For the records that follow, please set down exactly the lines between the one holding "Sandpiper looking for sea worms" and the one holding "new Aravalli definition", inclusive, and only those.

### THE DATA
■ ■ ■ ■ ■
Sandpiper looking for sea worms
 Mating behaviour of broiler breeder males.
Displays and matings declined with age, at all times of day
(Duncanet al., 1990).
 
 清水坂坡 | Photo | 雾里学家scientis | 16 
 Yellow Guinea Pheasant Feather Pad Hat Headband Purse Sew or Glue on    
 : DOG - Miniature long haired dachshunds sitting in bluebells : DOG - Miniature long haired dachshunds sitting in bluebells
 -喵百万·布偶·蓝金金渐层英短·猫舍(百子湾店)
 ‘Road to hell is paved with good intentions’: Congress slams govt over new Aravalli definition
■ ■ ■ ■ ■
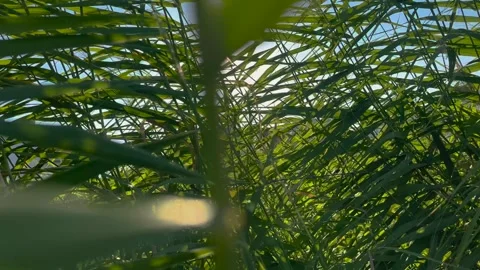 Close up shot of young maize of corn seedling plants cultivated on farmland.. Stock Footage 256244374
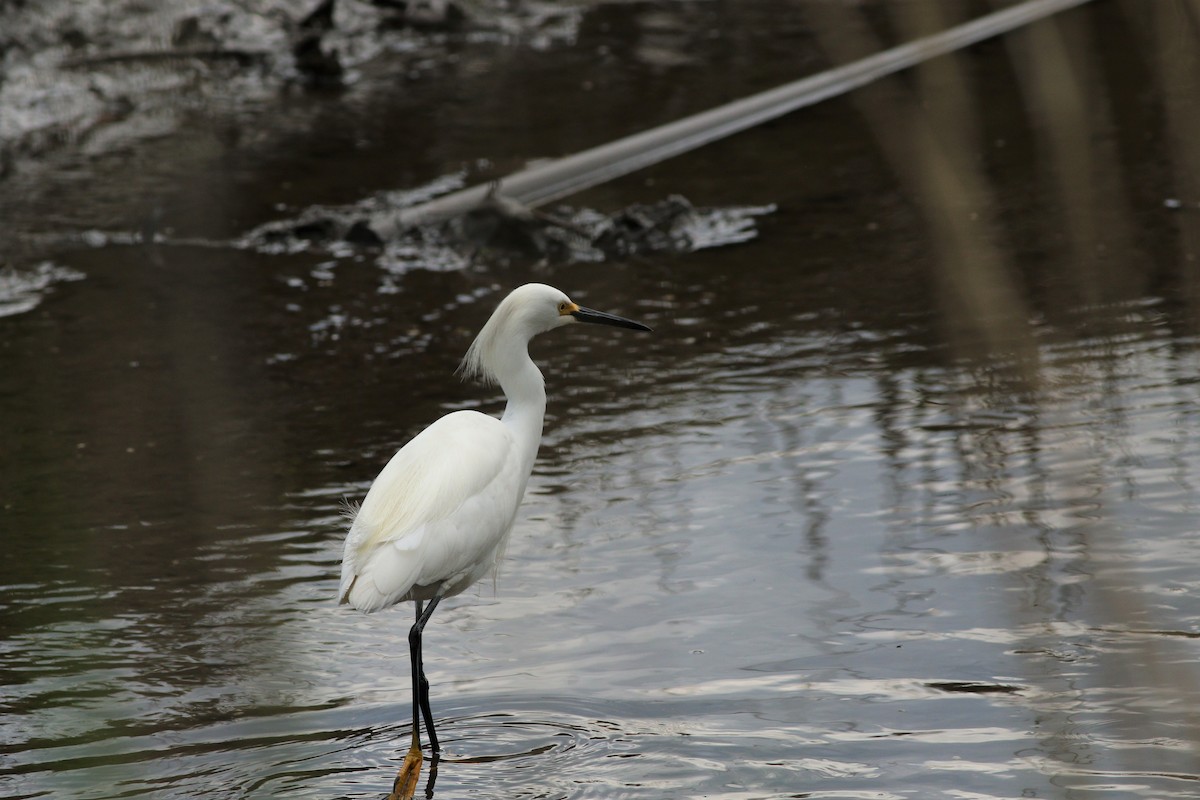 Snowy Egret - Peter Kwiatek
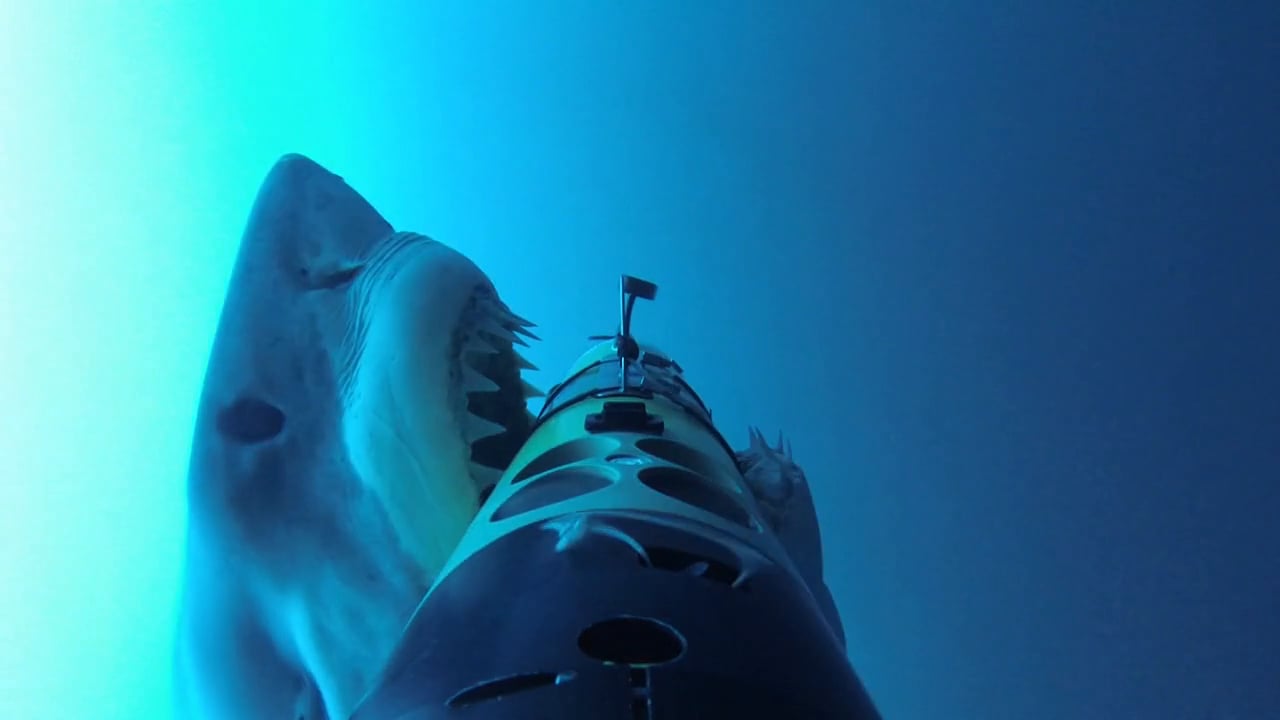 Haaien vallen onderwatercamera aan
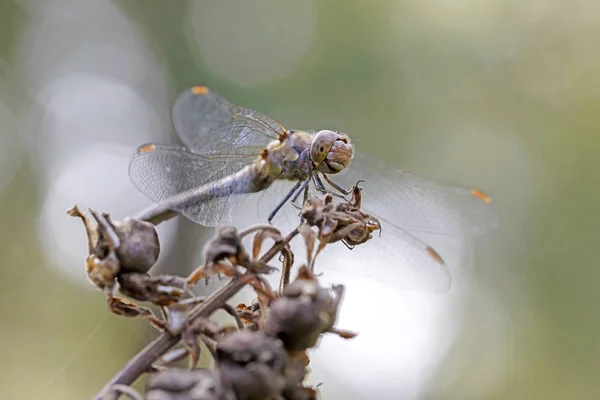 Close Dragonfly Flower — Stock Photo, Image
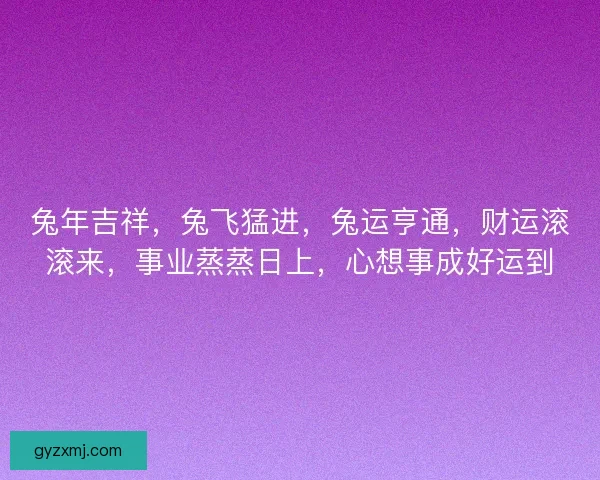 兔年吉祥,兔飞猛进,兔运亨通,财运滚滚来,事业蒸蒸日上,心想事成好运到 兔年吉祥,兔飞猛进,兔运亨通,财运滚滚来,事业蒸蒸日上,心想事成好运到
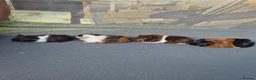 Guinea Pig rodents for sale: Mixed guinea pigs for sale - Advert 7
■ ■ ■ ■ ■
### WRITTEN SOLUTION
Sandpiper looking for sea worms
 Mating behaviour of broiler breeder males.
Displays and matings declined with age, at all times of day
(Duncanet al., 1990).
 
 清水坂坡 | Photo | 雾里学家scientis | 16 
 Yellow Guinea Pheasant Feather Pad Hat Headband Purse Sew or Glue on    
 : DOG - Miniature long haired dachshunds sitting in bluebells : DOG - Miniature long haired dachshunds sitting in bluebells
 -喵百万·布偶·蓝金金渐层英短·猫舍(百子湾店)
 ‘Road to hell is paved with good intentions’: Congress slams govt over new Aravalli definition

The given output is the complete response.